Very similar to Miss Cook's mediumship was that of Miss Showers; a young lady whom I have met frequently at the house of a lady at the West-end of London, both the medium and her hostess being quite above suspicion. In this case, besides the face and full form we have singing in a clear baritone voice presumably by a spirit called Peter—who gives himself out as having been in earth-life, I believe, a not very estimable specimen of a market-gardener. I am exceedingly puzzled how to account for these things. I dare not suspect the medium; but even granting the truth of the manifestations, they seem to me to be of a low class which one would only come into contact with under protest and for the sake of evidence.

Mr. Crookes used to explain, and Serjeant Cox still explains these manifestations as being the products of a so-called Psychic Force—a term which I below define. Although I am as little inclined to hero-worship, and care as little for large names as any man living, yet it is quite impossible not to attach importance to the testimony of these gentlemen; one so eminent in the scientific world, and privileged to write himself F.R.S., the other trained to weigh evidence and decide between balanced probabilities. But it would seem that while Psychic Force might cover the ground of my earlier experiences, it singularly fails to account for the materializations, and obliges us to relegate them to the category of fraud, unless we accept them as being what they profess to be. This I believe Serjeant Cox ruthlessly does. He claims as we have seen to have "caught" Miss Showers, and was not, I believe, convinced by Miss Cook. Mr. Crookes was: and, when we remember that Mr. Wallace, the eminent naturalist, and Mr. Cromwell Varley, the electrician, both accept the spiritual theory, it really looks as though the scientific mind was more open to receive—perhaps driven to receive—this which I frankly concede to be the only adequate cause for the effects, while the legal mind still remains hair-splitting upon conflicting evidence. Whereabouts the theological mind is I do not quite know—perhaps still dangling between the opposite poles of Faith and Reason, and dubiously debating with me "Am I a Spiritualist or not?"

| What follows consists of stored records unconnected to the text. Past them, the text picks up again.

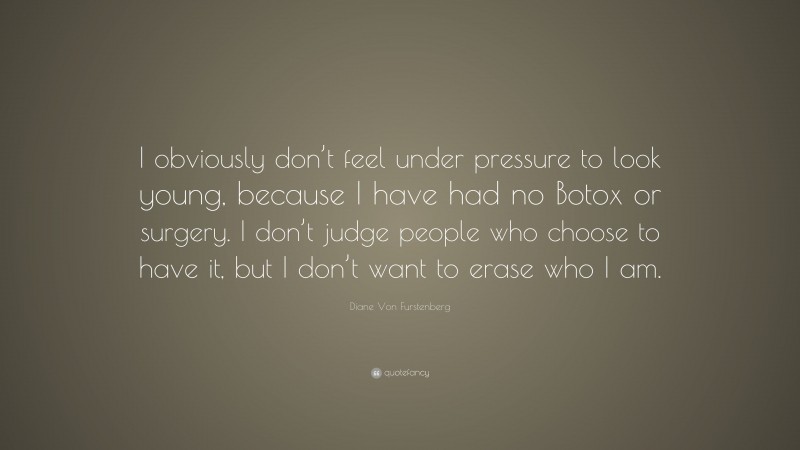 Diane Von Furstenberg Quote: “I obviously don’t feel under pressure to look young, because I have had no Botox or surgery. I don’t judge people who choose to have it, but I don’t want to erase who I am.”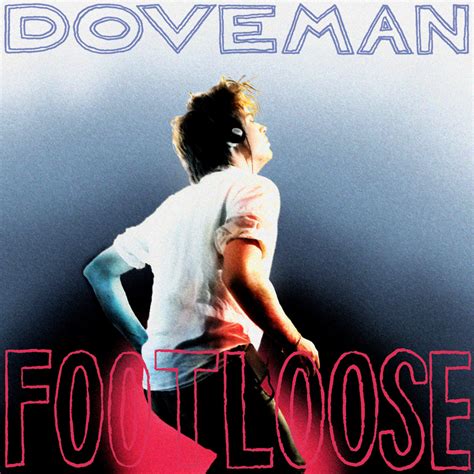 Footloose | Doveman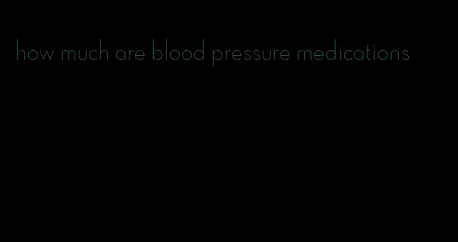 how much are blood pressure medications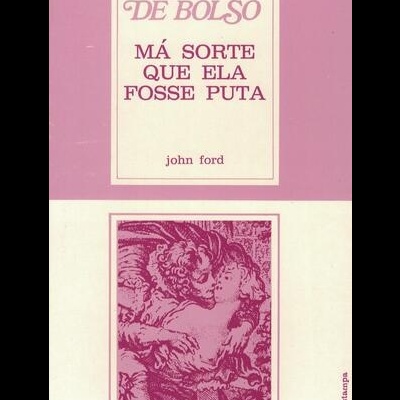 Má Sorte Que Ela Fosse Puta | de John Ford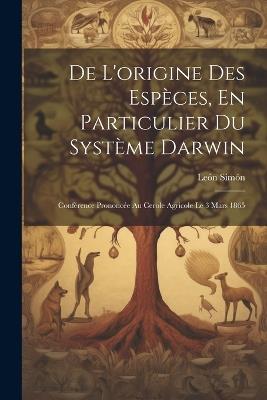 De L'origine Des Espèces, En Particulier Du Système Darwin: Conférence Prononcée Au Cerole Agricole Le 3 Mars 1865 - León Simón - cover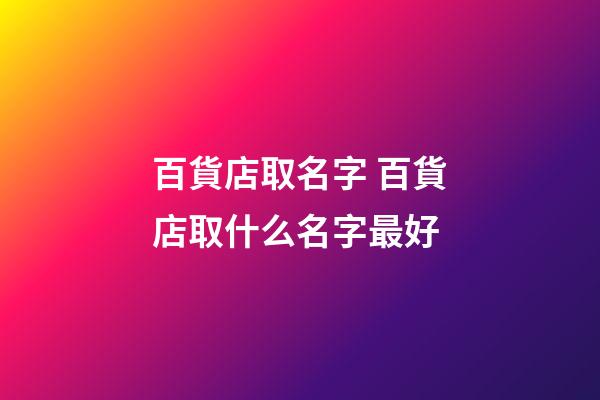 百貨店取名字 百貨店取什么名字最好-第1張-店鋪起名-玄機派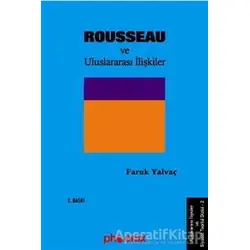 Rousseau ve Uluslararası İlişkiler - Faruk Yalvaç - Phoenix Yayınevi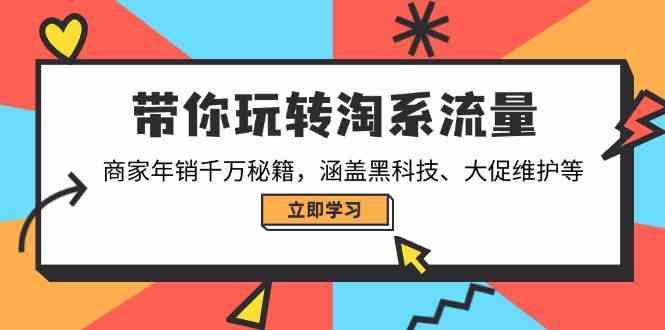 带你玩转淘系流量，商家年销千万秘籍，涵盖黑科技、大促维护等-占领资源网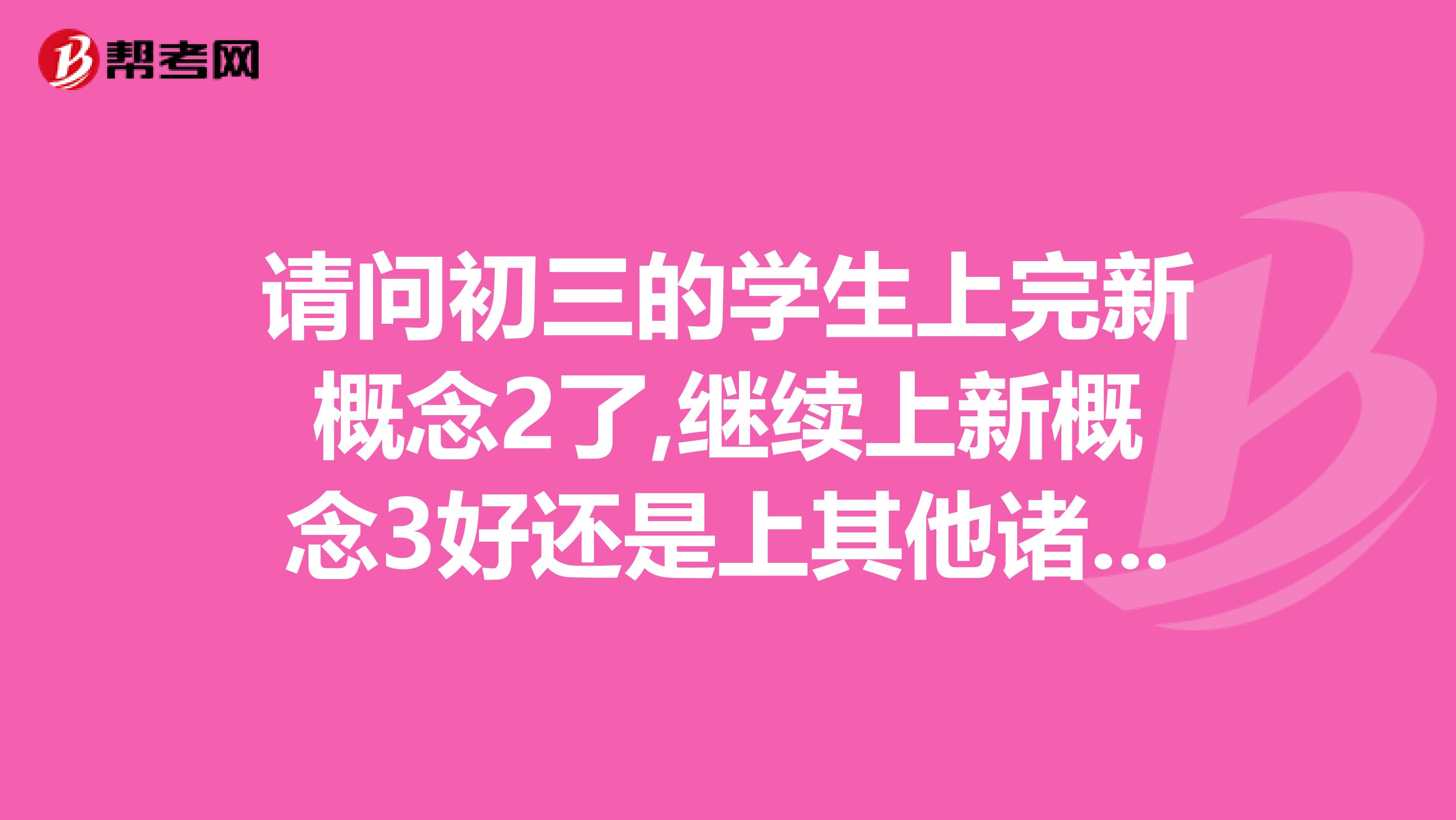 请问初三的学生上完新概念2了,继续上新概念3好还是上其他诸如外教啊公共英语等课程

In a recent pamphlet reprinted from the Quarterly Journal of Science, Mr. Crookes thus compendiously sums up the various theories which have been invented to account for spiritualistic phenomena, and, in so doing, incidentally defines his now discarded theory of Psychic Force which owns Mr. Serjeant Cox for its patron:—

First Theory.—The phenomena are all the results of tricks, clever mechanical arrangements, or legerdemain; the mediums are impostors, and the rest of the company fools.

It is obvious that this theory can only account for a very small proportion of the facts observed. I am willing to admit that some so-called mediums of whom the public have heard much are arrant impostors who have taken advantage of the public demand for spiritualistic excitement to fill their purses with easily earned guineas; whilst others who have no pecuniary motive for imposture are tempted to cheat, it would seem, solely by a desire for notoriety.

Second Theory.—The persons at a séance are the victims of a sort of mania or delusion, and imagine phenomena to occur which have no real objective existence.

Third Theory.—The whole is the result of conscious or unconscious cerebral action.

These two theories are evidently incapable of embracing more than a small portion of the phenomena, and they are improbable explanations for even those. They may be dismissed very briefly.

I now approach the "spiritual" theories. It must be remembered that the word "spirits" is used in a very vague sense by the generality of people.

Fourth Theory.—The result of the spirit of the medium, perhaps in association with the spirits of some or all of the people present.